# Wood River #6 V3 (Fore Plane)



## lanwater

I agree with you. My Woodriver handplanes were shaving out of the box.

I would recommend them too.


----------



## velo_tom

Nice to hear some quality new planes on the market. You don't have to spend a fortune on a plane to get one that works well. Sounds like the sole was already flat enough to me, no real reason for the extra flattening. With fore planes it's not how thin and wispy the shavings are that matter but how thick you can slice without tear out or chatter. Don't need supper flat for thicker shavings, a sharp blade is the highest priority. I usually find myself with the dissenting opinion on this topic but I'd only put sole flattening effort into smoothers where ultra thin shavings are needed.


----------



## Dennisgrosen

thank´s for the rewiew
good to hear about new brands

Velo_Tom
I don´t think your are out of line there at all
if you look at how the old masters work all day with handtools
planning down ruogh cut slabs to convert them into beautyfull things
they want to do it as effective as possible to they wooood go for the thickets possiple shavings
they cuold plane all day long with out geting tooo tired
all this new religion about a plane shuold make shavings thin as possiple is totely wrong as it can be

Poul
sorry wasn´t trying to take your rewiew just got carryed awy

Dennis


----------



## docholladay

As Dennis has stated, ultimately, the goal is the quality of the surface that is left behind and not the thickness, or lack there of, of the shaving. If you read other reviews on this site of the Wood River planes, they have had mixed results. I would assume that is due to some inconsistency in manufacturing, but generally, the reveiws have indicated that the blades are of quality.

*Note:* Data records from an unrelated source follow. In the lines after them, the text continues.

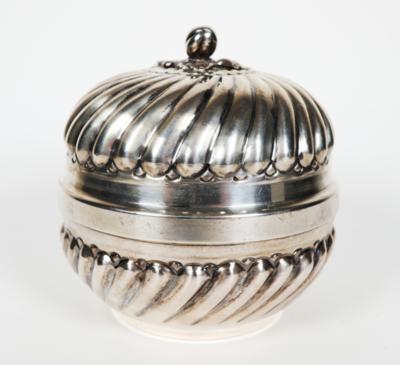 Silber Deckeldose, 1. Hälfte 20. Jahrhundert - Argento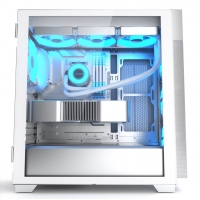爱国者（aigo）YOGO M8 PRO白色 玻璃侧透台式机电脑主机箱（E-ATX主板/双360水冷位/9风扇位/40系显卡）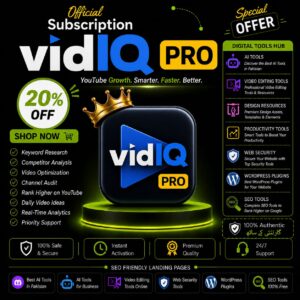 Official VidIQ Subscription in Pakistan | VidIQ Boost Upgrade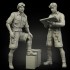 1/35 British RAC officers North Africa set (2 figures)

The blades are actually made by Pinnacle which does make a very fine blade. They should be good, they cost about the same as a Hock iron. Glad to hear you are happy with your new plane. If you don't plan to use that old Millers Falls anymore, you can feel free to send it my way. Those old planes were fine tools that with a little TLC can usually be made to perform very well.


----------



## swirt

I agree, wispy shavings are not really that necessary from a #6 ... unless you are also using it as a makeshift 7 or 8 to carefully joint an edge… it is in that weird range where it can serve double duty. Even if using it as a jointer, wispy shavings are only needed on the last couple of strokes. All the others need to cut deep, or you spend all day planing.


----------



## b2rtch

I agree Wood Rivers planes are excellent right out of the box


----------



## jerryo

I agree Paul. It's nice to be able to have a top quality plane to buy without having to spend in $400 range. I have the #6 also and mine needed no work out of the box.


----------



## 8iowa

Check out Chris Schwarz's book "Handplane Essentials" or his DVD. Chris, the editor of "popular Woodworking" uses the #6 to rapidly remove stock with the blade sharpened at an 8" radius. He then uses a #7 to flatten the surface and a #4 to finish smooth.


----------



## Poncacity

Good to hear. I just ordered this plane yesterday. On my way to a Woodcraft Store in Tulsa today and look them over. I do get a little concerned when I have not hugged and squeezed any new tool….. So to hear a nice report about a new tool I have not got to hold and kiss is some what a comefort to the old wallet. Thank you.


----------